Joan Kroc and municipal ownership
Joan Kroc inherited ownership of the Padres when her husband Ray Kroc died. After owning the team for several years, largely for real estate/tax planning reasons, she sought to give the team to the city of San Diego. MLB rules prohibited municipal ownership and this rule was protected presumably by MLB’s antitrust exemption. Instead she ended up selling the team to an ownership group led by Tom Werner.

What would have been the impact on team sports leagues in the US if the Supreme Court had agreed with the NFL in American Needle v. NFL and granted all professional team sports single entity status?

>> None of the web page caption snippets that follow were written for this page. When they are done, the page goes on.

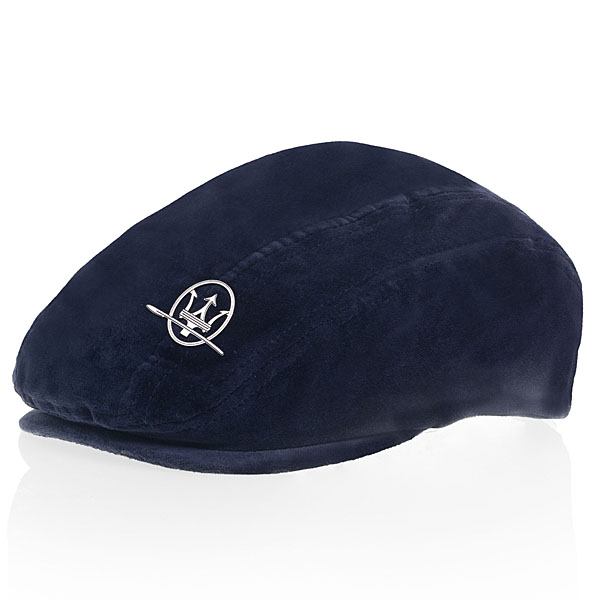 MASERATI Official Kids Veludo Hunting (Navy)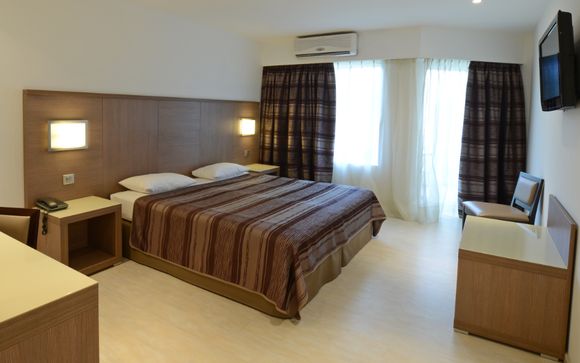 Pour votre confort durant l'autotour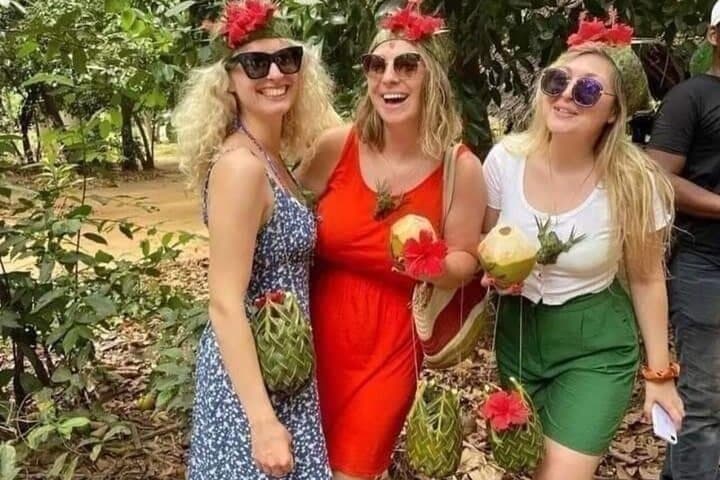 Zanzibar Spice Farm Walk & Hands-On Swahili Cooking Class photo 5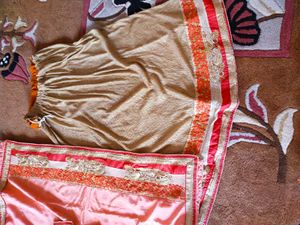 Elegant Lehenga Choli Set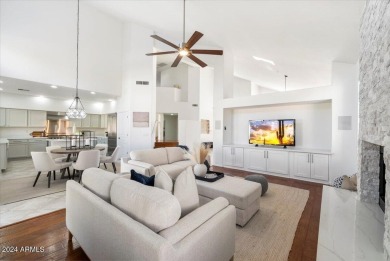 This beautiful 4-bedroom, 3.5-bath home in the desirable on Grayhawk Golf Club  in Arizona - for sale on GolfHomes.com, golf home, golf lot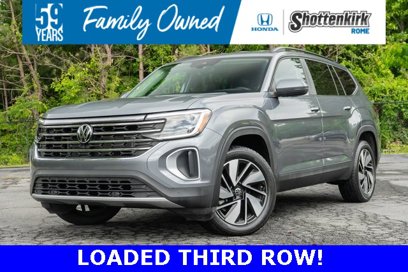 Used 2024 Volkswagen Atlas SE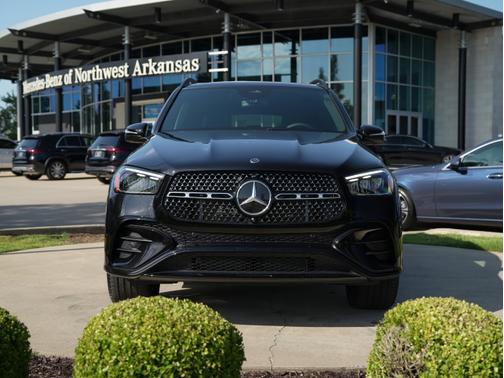 2026 Mercedes-Benz GLE 350 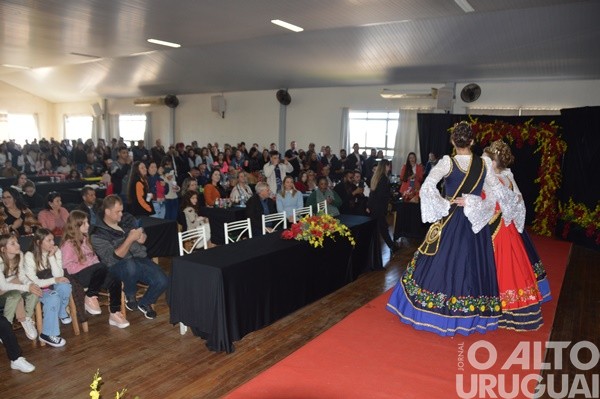 Corte da 24ª Oktoberfest é escolhida em Alpestre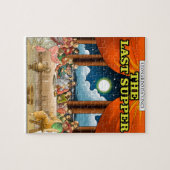 Laatste superpuzzel legpuzzel (Horizontaal)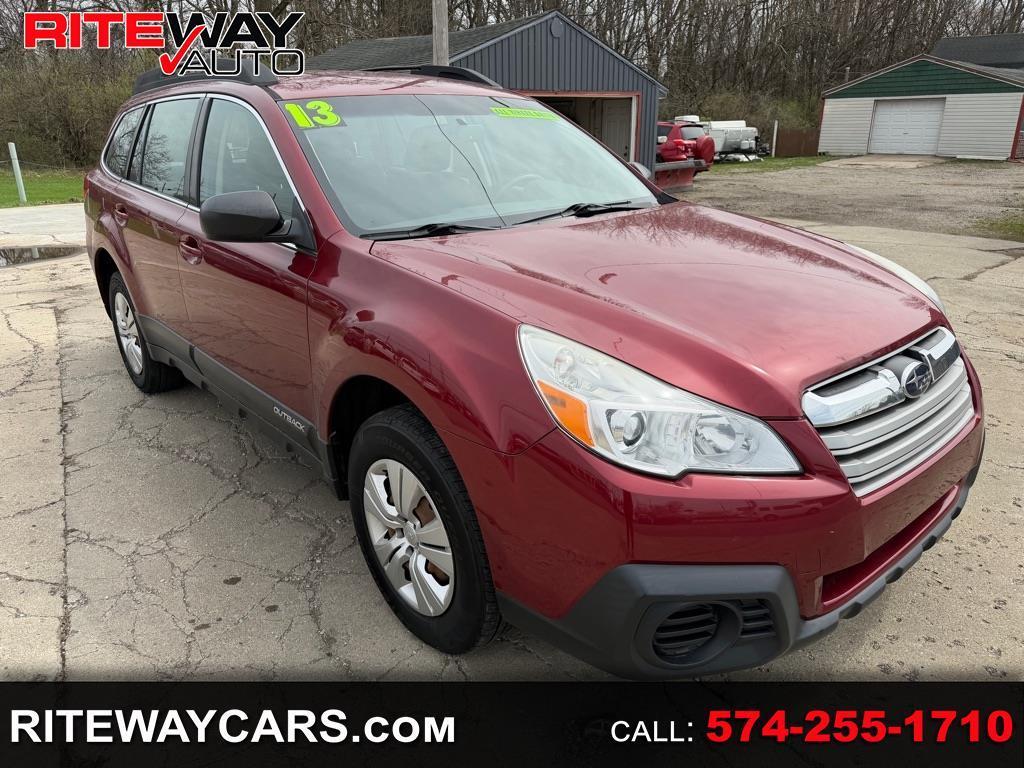 2013 Subaru Outback 2.5I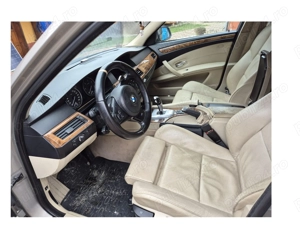 auto BMW E 60 an 2010  - imagine 5
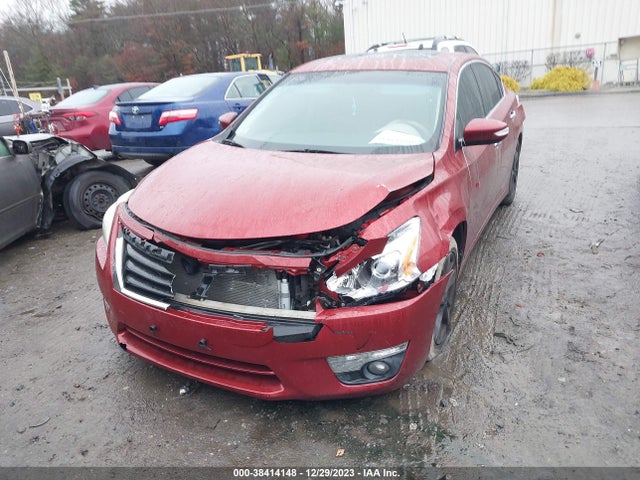2014 NISSAN ALTIMA 2.5 SL VIN: 1N4AL3AP6EN244972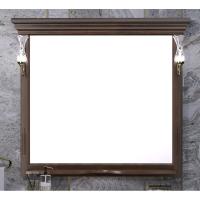 Зеркало 109х101 см орех антикварный Opadiris Риспекто Зеркало 109х101 см орех антикварный Opadiris Риспекто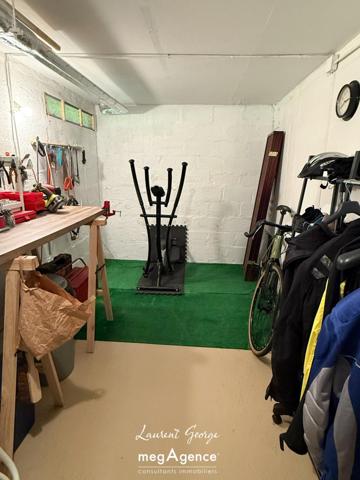 Appartement à BOIS-GUILLAUME, 76230 - 5 pièces 103m²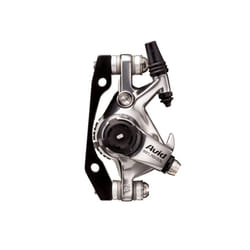 Avid SL BB7 Road HS1 Rotor Front / Rear With Bracket TI CPS & Bolts - 160 MM, Grey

This answer might begin with a short explanation of the American Needle case, but this is not necessary. The issue here is how might an exemption from Section 1 of the Sherman Act change the way sports leagues operate. The answer for MLB is the easiest because MLB already has a presumed antitrust exemption and, hence, it might not change its behavior in any significant way. Regarding the other leagues, it may make them more reluctant to allow teams to move to a new city (though the league policies have become pretty well protected by rule of reason cases) and it would protect them in cases such as American Needle, in broadcasting territory allocation, in centralized internet and marketing policies, and so on.

Discuss how the European open sports leagues with promotion/relegation and pan-European competition establish a different dynamic with regard to competitive balance and how that dynamic affects league policies toward revenue sharing.

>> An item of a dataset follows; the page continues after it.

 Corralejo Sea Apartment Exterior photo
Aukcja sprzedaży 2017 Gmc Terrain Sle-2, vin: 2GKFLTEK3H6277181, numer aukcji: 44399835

There are various competitions for fans to root for in Europe: winning the EPL; coming in top 3 or 4 in order to make the following year’s pan-European Champions League; avoiding placing in the bottom three and face relegation to Division II; coming in the top 6 or 7 to make into the Europa competition; competing in the Champions or Europa League if one’s team is in it; competing in the domestic FA cup, inter alia. The downside is that because there is a premium on being successful in the pan-European competitions, this requires the top domestic teams to have superior resources so they can compete against the best European teams, so the EPL and other European soccer leagues do not engage in substantial revenue sharing (most do not even share equally the national TV revenue). Because of this, inequality in outcomes tends to be perpetuated and a quasi-caste system develops wherein there is little turnover among the top clubs. The other interesting element is that because leagues are open, large cities tend to host multiple teams (greater London hosts 6 EPL clubs) and so team strength does not tend to correlate strongly with the size of the local market.

Illustrate graphically how a monopoly reduces output and raises price relative to a competitive industry and, thereby, creates deadweight loss. Discuss one prominent way in which sports leagues exercise monopoly power by reducing output.
Graph is the same as the one provided in class. Probably the best example of an artificial reduction of output in a sport league is in the number of teams. There are more financially viable cities that would like to host teams than there are teams available. The leagues use the artificial scarcity (or the excess demand) to extract public subsidies to support facility construction and favorable lease terms.